Understand search integration service

Contributors netapp-lhalbert

You can enable search integration for an S3 bucket if you want to use an external search and data analysis service for your object metadata.

The search integration service is a custom StorageGRID service that automatically and asynchronously sends S3 object metadata to a destination endpoint whenever an object is created or deleted, or its metadata or tags are updated. You can then use sophisticated search, data analysis, visualization, or machine learning tools provided by the destination service to search, analyze, and gain insights from your object data.

For example, you could configure your buckets to send S3 object metadata to a remote Elasticsearch service. You could then use Elasticsearch to perform searches across buckets, and perform sophisticated analyses of patterns present in your object metadata.

Although Elasticsearch integration can be configured on a bucket with S3 Object Lock enabled, the S3 Object Lock metadata (including Retain Until Date and Legal Hold status) of the objects will not be included in the metadata sent to Elasticsearch.

Note Because the search integration service causes object metadata to be sent to a destination, its configuration XML is referred to as "metadata notification configuration XML." This configuration XML is different from the "notification configuration XML" used to enable event notifications.

Search integration and S3 buckets

You can enable the search integration service for any versioned or unversioned bucket. Search integration is configured by associating metadata notification configuration XML with the bucket that specifies which objects to act on and the destination for the object metadata.

Metadata notifications are generated in the form of a JSON document named with the bucket name, object name, and version ID, if any. Each metadata notification contains a standard set of system metadata for the object in addition to all of the object's tags and user metadata.

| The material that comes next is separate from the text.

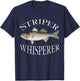 Striper Whisperer Striped Bass Fish Illustration Fishing T-Shirt - T-Shirt | Navy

Note For tags and user metadata, StorageGRID passes dates and numbers to Elasticsearch as strings or as S3 event notifications. To configure Elasticsearch to interpret these strings as dates or numbers, follow the Elasticsearch instructions for dynamic field mapping and for mapping date formats. You must enable the dynamic field mappings on the index before you configure the search integration service. After a document is indexed, you can't edit the document's field types in the index.

Search notifications

Metadata notifications are generated and queued for delivery whenever:

  • An object is created.

  • An object is deleted, including when objects are deleted as a result of the operation of the grid's ILM policy.

  • Object metadata or tags are added, updated, or deleted. The complete set of metadata and tags is always sent on update — not just the changed values.

After you add metadata notification configuration XML to a bucket, notifications are sent for any new objects that you create and for any objects that you modify by updating its data, user metadata, or tags. However, notifications aren't sent for any objects that were already in the bucket. To ensure that object metadata for all objects in the bucket is sent to the destination, you should do either of the following:

  • Configure the search integration service immediately after creating the bucket and before adding any objects.

  • Perform an action on all objects already in the bucket that will trigger a metadata notification message to be sent to the destination.

Search integration service and Elasticsearch

The StorageGRID search integration service supports an Elasticsearch cluster as a destination. As with the other platform services, the destination is specified in the endpoint whose URN is used in the configuration XML for the service. Use the NetApp Interoperability Matrix Tool to determine the supported versions of Elasticsearch.